We hear a lot of buzz about artificial intelligence and machine learning, especially since we’re in an industry that’s trying to capitalize on the latest technology. Can you explain the tech your team uses and help us cut through the jargon?
I see a lot of companies talk about human-in-the-loop or try to sell it as a service, but they lack the execution. We have shown success in this area and are still innovating daily since the room for improvement in this field remains high. Our machine learning, human in the loop and natural language processing efforts at PitchBook are cutting edge. We have a world class named entity recognition system that outperforms Google and Amazon’s standard offerings. This is a machine predicting what is an organization, person or location in text. We take special care to label of tens of thousands of data sets to maintain high quality models, and we’re very thankful for all the support we get from our research teams to build out these data sets—our data quality would not be as high as it is without their help!

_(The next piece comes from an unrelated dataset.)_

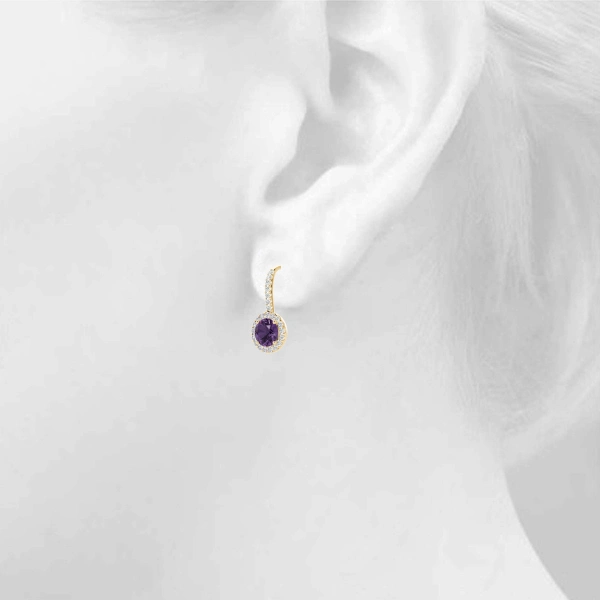 Diamond Halo Drop Earrings - Image 14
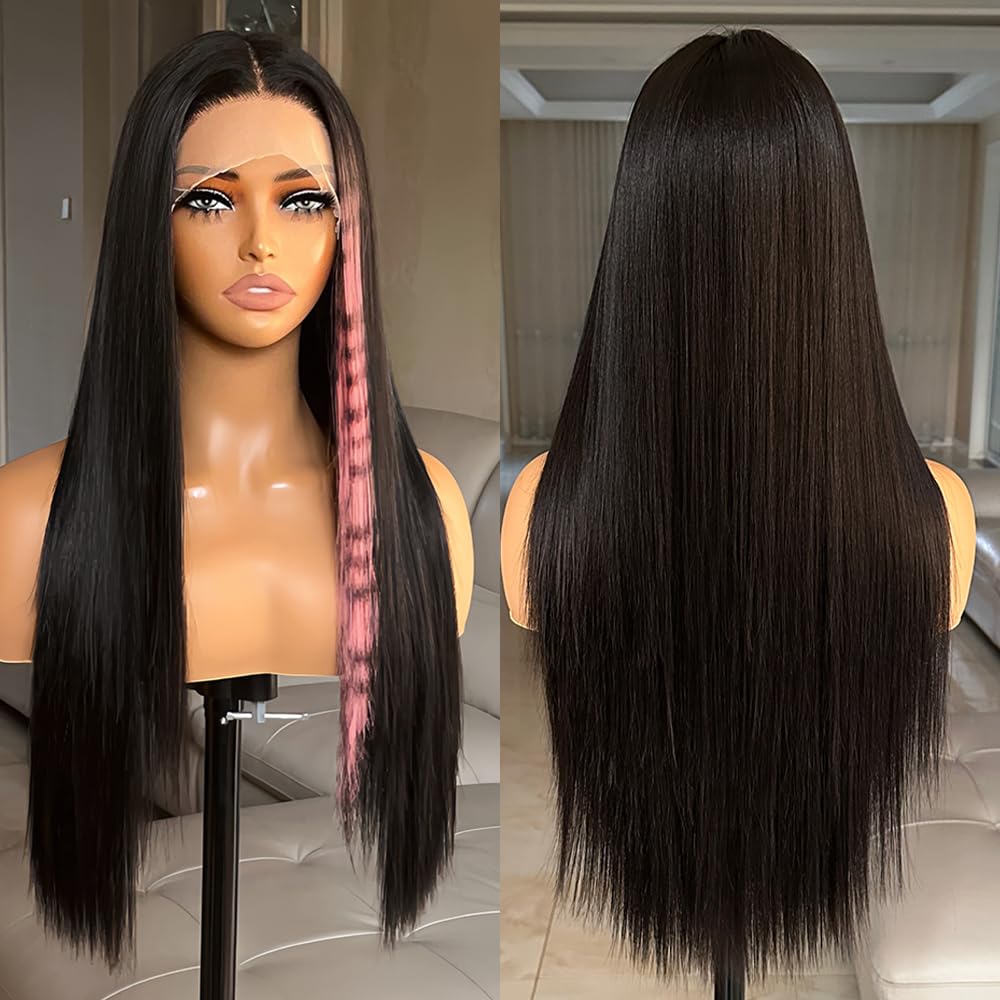 Pink Print Wig Lace Front Wigs Glueless Wig Leopard Print Straight Wigs for Women Pre Plucked with Baby Hair 26 Inch Pink Color Forehead Synthetic Lace Front Wig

Most impactful project you’ve led at PitchBook?
Something we refer to internally as News as a Service, which involves collaboratively growing our news data collection process from processing 50,000 articles a week to over one million while only having to hire three researchers to cover every relevant data point mentioned in the news. Plus, the proprietary integrated feedback system we’ve built continually validates our machine learning models in the wild. This system scales to all the data points our clients care about from revenue figures to M&A events to a company’s headquarters location. In the cases where the machine makes a mistake, it’s easy for a researcher to show it where it went wrong so our data science team can continuously retrain their models.
Trends you consider when you look at the future of the product in the next few years?
The continued improvement and maintenance of our data quality is huge. At PitchBook, we understand that data is only useful if it’s correct, and we’ve found a nice balance between leveraging automation and human intervention to produce the highest quality VC, PE and M&A dataset in the market. As we keep building out our public data offering with the help of our parent company, Morningstar, the breadth of our data coverage will only continue to grow.
We’re also looking at improved search and discoverability features in our platform and implementing some slick methods of searching amongst the millions of companies, transactions and people we have in our database. And yes, if you’re wondering: some of the methods will be using machine learning! Finally, as our client base continues to grow, we’re investing heavily in user research to curate experiences and improve recommendations based on a user’s interests and workflows in PitchBook.
What do you do in your spare time? Any side projects you can share?
I spend a lot of time reading about technology, what’s happening in the artificial intelligence, machine learning and natural language processing space as well as cloud hardware. I like to nerd out and read research papers on https://arxiv.org/, particularly under Machine Learning and Information Retrieval.
As for side projects, I enjoy building out small python applications. Two in particular I’m working on at the moment are a blackjack card counting application that was trained using reinforcement learning methods and an application that helps understand game theory optimal play in no limit Texas holdem.
Outside of that, I enjoy traveling with my wife, dim sum, yoga, piano and time with family.